President Bush, who is on a tour of Africa, has said that poverty and failed states on the continent could be dangerous breeding grounds for terrorism. As a result, the United States has poured millions of dollars into anti-terrorism programs in sub-Saharan Africa. But some researchers say in some areas the effort is adding to anti-U.S. feeling.

The U.S. anti-terrorism effort in Africa intensified after the attacks in New York and Washington on September 11, 2001. But they go back much farther, at least to the time of the bombings at the U.S. embassies in Kenya and Tanzania in 1998.

The United States has negotiated agreements for military cooperation with several African governments, and provides anti-terrorism funding to many more. President Bush has made it clear that the war on terrorism is not a war against Islam or against Africans in general, but rather against extremists who pose a danger to Africa as much as they do to the West.

But many Africans do not see it that way.

Researcher on Islamic thought in Africa, David Gutelius, of Stanford University in California, says many governments have used the anti-terrorism money to limit legitimate dissent. He says this has had a negative impact in many countries with large Muslim populations, and Islam-based political oppositions.

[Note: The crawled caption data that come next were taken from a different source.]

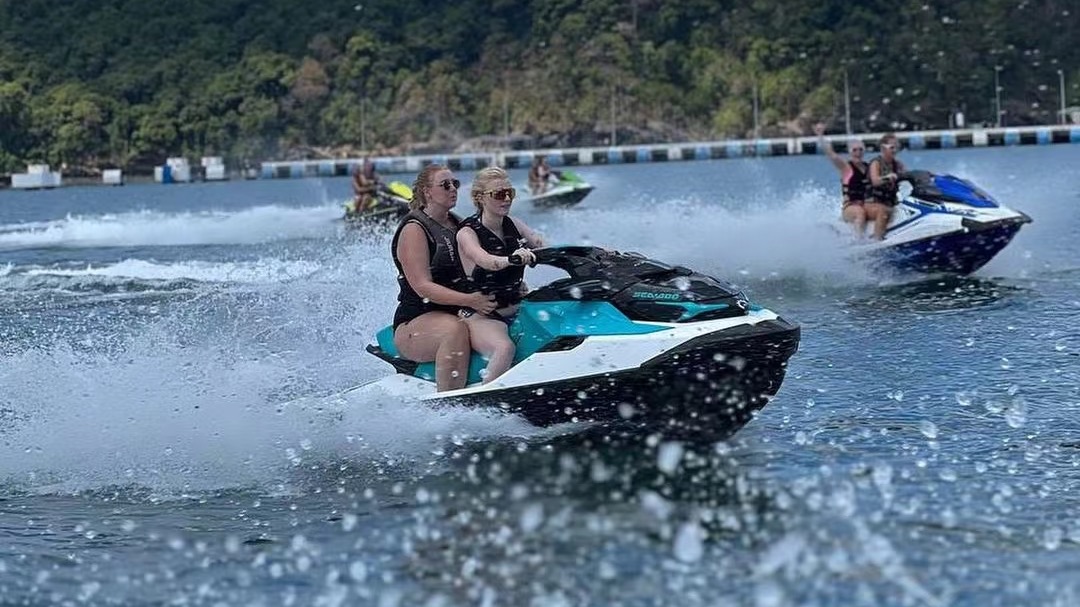 SANN Watersport - Jetski Tour & Rental Langkawi, Malaysia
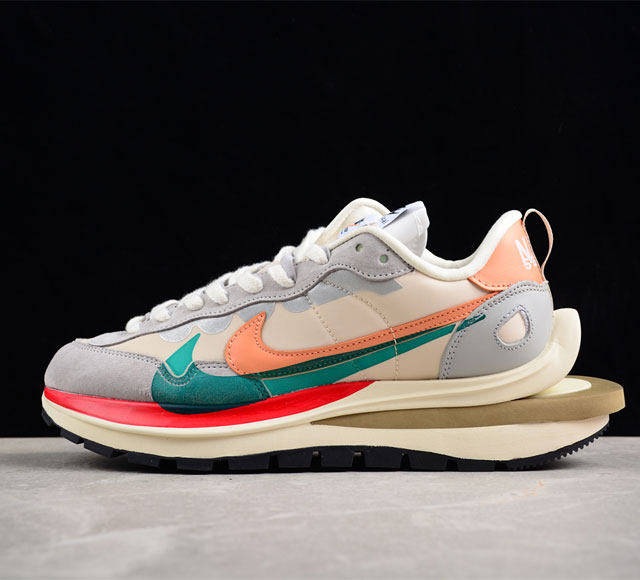 Sacai X Nk Vaporwaffle 3.0 3.0 Dd1875-107 36 36.5 37.5 38 38.5 39 40 40.5 41 42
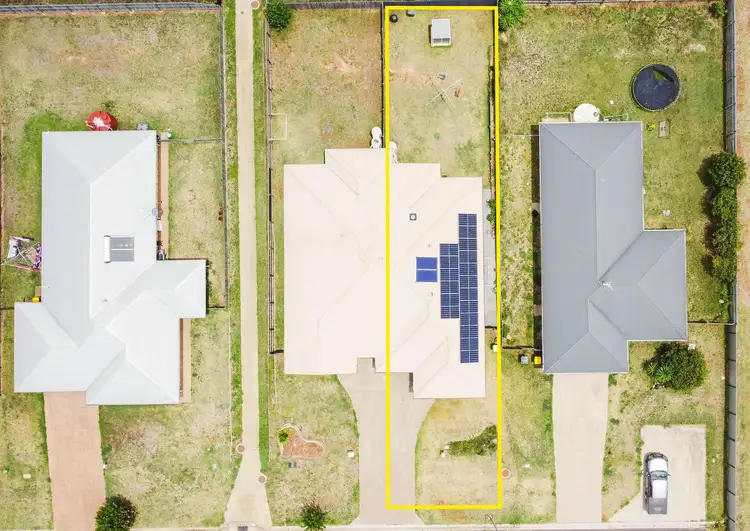 Second view of Homely unit listing, 35B Capital Drive, Rosenthal Heights QLD 4370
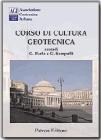 Corso di cultura geotecnica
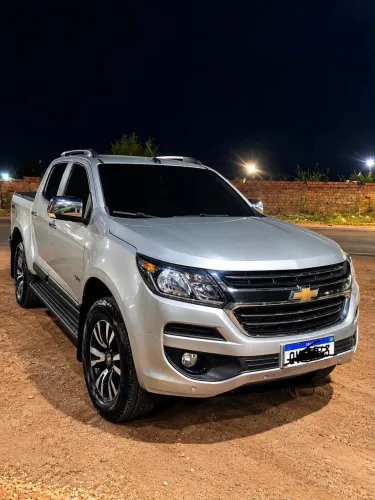 Chevrolet S10 Pick-up LTZ 2.8 TDI 4X4 CD Dies.aut 2020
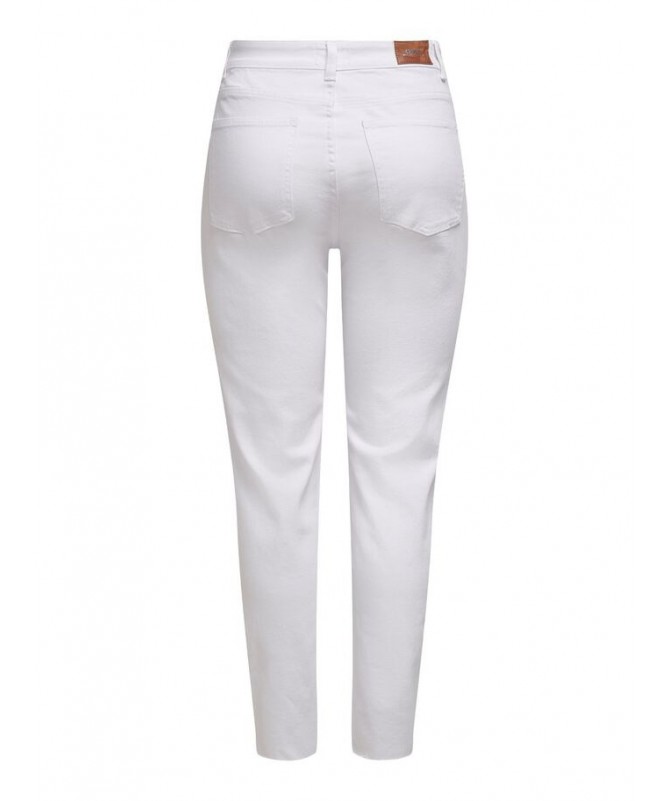 ONLY WHITE JEANS - 15175323 - 4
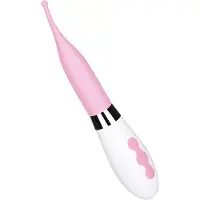 EIS , vibrator, siliconen vibrator, 20 cm, waterdicht, oplaadbaar, huidvriendelijke siliconen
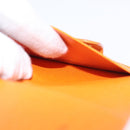 LOUIS VUITTON Epi Agenda Mini Day Planner Cover Mandarin R20007H LV Auth 162717-15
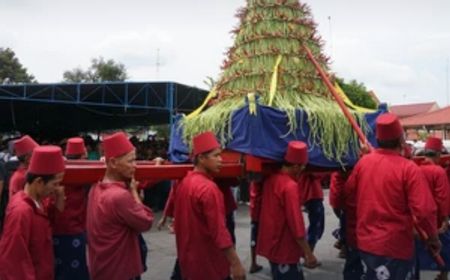 11 Tradisi Islam di Nusantara dalam Momen Maulid Nabi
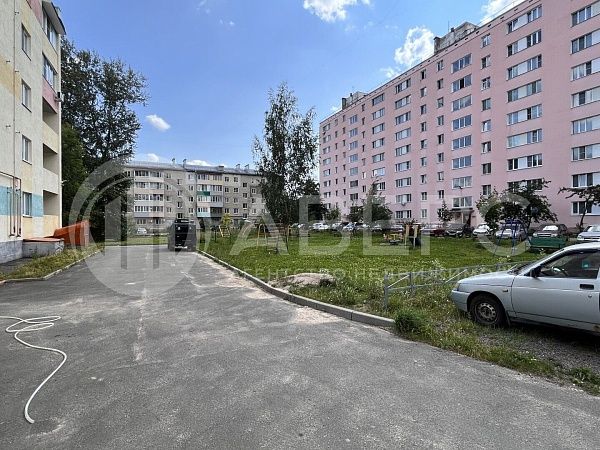 2-к квартира, 70 кв.м.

"The result has been that many of these opposition groups who were formerly not interested in violence at all are increasingly limited in their options," he said. "They feel that they have very little opportunity to participate in elections, in their local governments and especially at the national level. What this is doing is leading to a sea-change in the leadership of many Islamic associations and organizations across the continent at about the same time. This is really the first time this sort of change has happened so drastically."

Mr. Gutelius says the new leadership of Islamic organizations in sub-Saharan Africa is often young and educated in the Arab countries of North Africa.

With the help of local clerics, they often pressure Muslim populations to be more observant of Islamic laws and traditions.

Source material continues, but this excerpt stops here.